Buga is a creator god and omnipotent highest power in the mythology of the Tungusic peoples.

==Etymology and Ethnography==
For the Tungus the term buga (also buya, boya, boga) refers to the greatest, omnipotent, eternal being. The same word also means either "sky", "universe", and may also refer to terms corresponding to "world" or "locality". The word is not taboo and is used in common speech. According to Shirokogoroff the term is an old one, and was not introduced by Christian missionaries.

For the eastern Tungus buga is a remote figure whom they have no description of, and nor do their shamans connect with it/him.
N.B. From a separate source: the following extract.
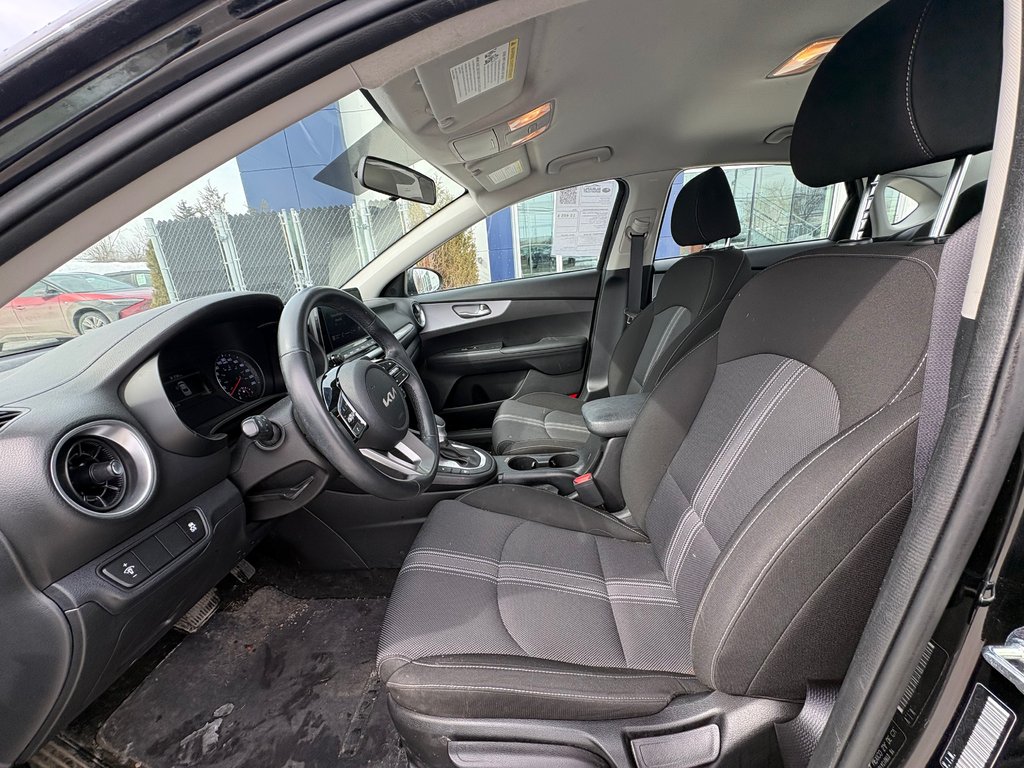 Kia Forte LX, CAMÉRA DE RECUL, BANC CHAUFFANT 2022 à Saint-Jérôme, Québec - 5 - w1024h768px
The buga forms an exception in that it is one spirit than cannot be mastered by a shaman. Shirokogoroff states that all Tungus know how to pray/make sacrifices to buga and that activity is done without the intercession of shaman.

Furthermore, bugady are a tribe's sacred places. Equivalent names for a supreme deity are Es (Ket language), Nga (Enets language), and Turum or Torym (Khanty language).

The Tungus term 'buga' is similar to the Mongolian term bogdo (holy), Old Persian language baga (god), and the Kassite language bugas (god).

The Even language term for the highest deity (the creator) is/was Nalban Omgo Ogyn Buga, the proper name in the same language is Hovky-Sovky; in the Evenk language the god's name is Shavaky-Savaky. The "upper" and "lower" worlds in those people's shamanic worldview are also referred to as Dulyn Buga and Harpy Buga.

==Tungusic creation myth==

In a Tungusic creation myth Buga creates both the earth (using fire to create it within a watery void), as well as creating man and woman from fire, earth, iron, and water. In the myth he is opposed by Buninka, a devil figure, who becomes responsible for evil persons after death.